This is the mail archive of the cygwin mailing list for the Cygwin project.

Index Nav: [Date Index] [Subject Index] [Author Index] [Thread Index]
Message Nav: [Date Prev] [Date Next] [Thread Prev] [Thread Next]
Other format: [Raw text]

Re: Performance problems

Christopher Faylor wrote:

On Sat, Jun 04, 2005 at 03:00:13PM -0700, Linda W wrote:

You are technically accurate, but the cygwin layer is a POSIX
complient-OS emulation layer by some definition, no?

Yes, but that has nothing to do with caching. Cygwin is just a DLL. It
can't monitor all file transactions in the whole system.

True, but cygwin doesn't need to monitor the entire OS -- neither
does Windows. Take a look at the open file descriptors held by
the winlogon process sometime -- it holds open OS-specific
directories and files.

Cygwin would only need to "cache" items (in the sense I would
anticipate) while the DLL is loaded and only those file items
that are being used by the current program.  For example a simple
find command on /tmp "find /tmp" produces 17 lines:
In all there were 311 file operations to list these 17 files.
They break down as folows:
1-27 - finding program by bash
28-48 - loading libraries
49-75 - processing "C:\, C:\home and C:\home\username
76-243 - working on tmp
244-311 - accessing home directory; search for psapi.dll & close of /tmp

The ones working on tmp were broken down as follows:

The first 27 were processing by bash to find "find.exe". Ignore.
Commands up to 28-48 were loading cygwin libraries by the find
command; Ignore that.
Commands 49-75 Involved file ops (Open, Query Info, Directory on the
paths C:\, C:\home\ and C:\home\user).
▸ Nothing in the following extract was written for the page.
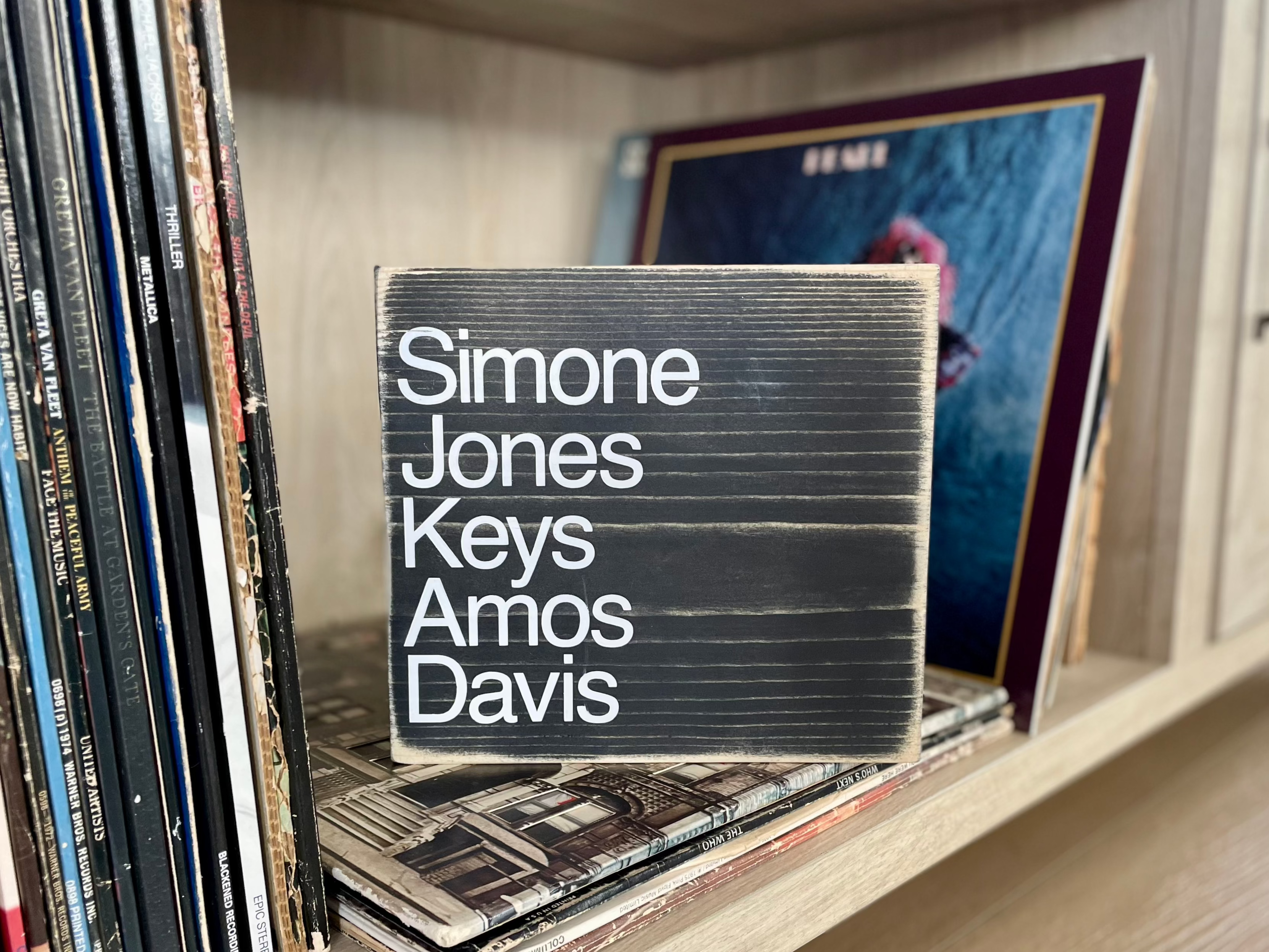 A square, black, wood sign sits on a shelf full of vinyl records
Calls 76-243 seem to be working
on /tmp, calls. The tmp calls (executing between time index 51.995 - 51.005 (<1 clock tick), show the following breakdown:

     1 C:\home\law, QUERY INFORMATION
     1 C:\tmp\d.txt, READ
     2 C:\home\law, CLOSE
     2 C:\home\law, OPEN
     2 C:\tmp\d.txt, CLOSE
     2 C:\tmp\d.txt, OPEN
     3 C:\tmp\d.txt, QUERY INFORMATION
     5 C:\tmp\run-crons.ZE1996\, CLOSE
     5 C:\tmp\run-crons.ZE1996\, OPEN
     6 C:\tmp\run-crons.ZE1996, QUERY INFORMATION
     7 C:\, CLOSE
     7 C:\, DIRECTORY
     7 C:\, OPEN
     8 C:\tmp\run-crons.ZE1996, CLOSE
     8 C:\tmp\run-crons.ZE1996, OPEN
    12 C:\tmp\, CLOSE
    12 C:\tmp\, OPEN
    13 C:\tmp, CLOSE
    13 C:\tmp, OPEN
    15 C:\tmp\run-crons.ZE1996\, DIRECTORY
    28 C:\tmp\, DIRECTORY

So if I was wanting to cache -- say limit caching to ~.1-1 seconds, it would appear, on the surface, to possibly reduce the 169 calls to maybe
22? Lock open for read C:\, then C:\tmp, and C:\tmp\run-crons.Ze1996
while processing those dirs. With open file handles for read, you
can't remove or rename them during that .1-1 seconds. That could
eliminate 147 (87%) of the calls, in best case, almost a 10x speedup.
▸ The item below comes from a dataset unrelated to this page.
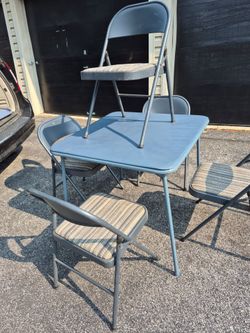 Folding table and 5 matching chairs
I wouldn't cache data without keeping the associated handles to the
corresponding file objects open. As long as they are kept open,
Windows would disallow things like deleting the file and replacing
it with a directory. That should control most race conditions
with some degree of relative safety.

You can't do that without taking the fact that the handle is open into
account when cygwin itself removes a file, opens a file, renames a file.

You can't? It would seem the cygwin library, itself could maintain
it's own list of open descriptors and close them when needed. Doesn't
cygwin use a shared-memory region for interprocess communication? Couldn't this same region be used for the File-handle/info cache so
multiple cygwin processes would behave with each other?

And it could be pretty surprising to find that when process a does an
opendir/readdir, process b is now unable to delete a file.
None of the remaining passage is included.